Material provided »
-----
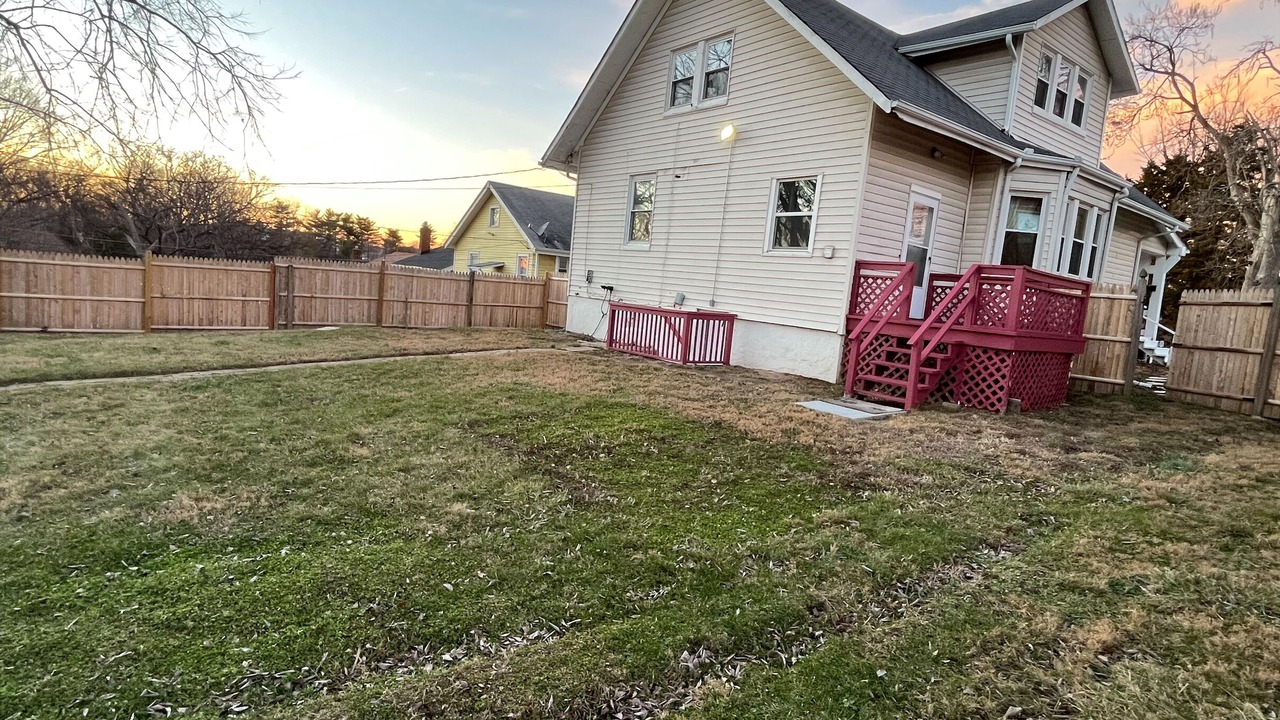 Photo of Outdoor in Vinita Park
-----
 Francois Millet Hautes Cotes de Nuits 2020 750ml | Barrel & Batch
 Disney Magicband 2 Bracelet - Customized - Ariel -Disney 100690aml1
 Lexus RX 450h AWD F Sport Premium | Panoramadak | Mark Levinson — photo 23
-----
Task requirements » Using the records above, restate word for word the lines from the one with "Disney Magicband 2" through the one with "Lexus RX 450h", both included.

Exercise response »
 Disney Magicband 2 Bracelet - Customized - Ariel -Disney 100690aml1
 Lexus RX 450h AWD F Sport Premium | Panoramadak | Mark Levinson — photo 23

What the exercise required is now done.